§ Task details: Starting at the top of the entries below, set down each line exactly as written, and stop after the line containing "TORAY Toyoflon Super".

§ Provided entries:
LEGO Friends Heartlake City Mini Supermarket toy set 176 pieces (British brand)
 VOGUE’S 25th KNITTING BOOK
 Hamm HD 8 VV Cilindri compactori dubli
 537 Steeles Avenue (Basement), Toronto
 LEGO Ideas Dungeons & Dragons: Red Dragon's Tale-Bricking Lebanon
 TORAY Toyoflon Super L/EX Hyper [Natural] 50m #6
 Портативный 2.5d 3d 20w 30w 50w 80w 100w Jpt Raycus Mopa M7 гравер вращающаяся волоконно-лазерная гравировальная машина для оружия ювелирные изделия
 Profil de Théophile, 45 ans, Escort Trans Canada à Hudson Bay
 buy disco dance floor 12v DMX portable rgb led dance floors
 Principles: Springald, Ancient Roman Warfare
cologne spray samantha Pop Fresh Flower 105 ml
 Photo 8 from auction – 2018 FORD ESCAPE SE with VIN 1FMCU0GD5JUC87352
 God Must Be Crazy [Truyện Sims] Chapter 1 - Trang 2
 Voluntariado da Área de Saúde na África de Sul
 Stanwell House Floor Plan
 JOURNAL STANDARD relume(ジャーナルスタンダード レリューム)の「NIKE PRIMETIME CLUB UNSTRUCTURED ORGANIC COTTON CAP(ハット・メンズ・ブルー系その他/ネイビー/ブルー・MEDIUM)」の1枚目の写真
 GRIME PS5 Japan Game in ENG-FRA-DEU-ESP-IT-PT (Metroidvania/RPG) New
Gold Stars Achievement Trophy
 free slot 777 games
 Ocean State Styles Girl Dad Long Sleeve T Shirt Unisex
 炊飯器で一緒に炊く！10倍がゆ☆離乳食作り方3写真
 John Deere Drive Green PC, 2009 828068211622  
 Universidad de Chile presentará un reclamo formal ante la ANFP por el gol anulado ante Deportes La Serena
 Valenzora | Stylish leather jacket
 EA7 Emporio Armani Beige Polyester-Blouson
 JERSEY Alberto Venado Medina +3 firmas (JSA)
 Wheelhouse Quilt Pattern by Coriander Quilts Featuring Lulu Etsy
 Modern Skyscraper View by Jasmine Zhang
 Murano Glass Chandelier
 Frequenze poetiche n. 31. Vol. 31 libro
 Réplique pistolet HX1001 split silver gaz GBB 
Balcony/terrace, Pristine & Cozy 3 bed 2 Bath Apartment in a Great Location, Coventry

§ Answer below:
LEGO Friends Heartlake City Mini Supermarket toy set 176 pieces (British brand)
 VOGUE’S 25th KNITTING BOOK
 Hamm HD 8 VV Cilindri compactori dubli
 537 Steeles Avenue (Basement), Toronto
 LEGO Ideas Dungeons & Dragons: Red Dragon's Tale-Bricking Lebanon
 TORAY Toyoflon Super L/EX Hyper [Natural] 50m #6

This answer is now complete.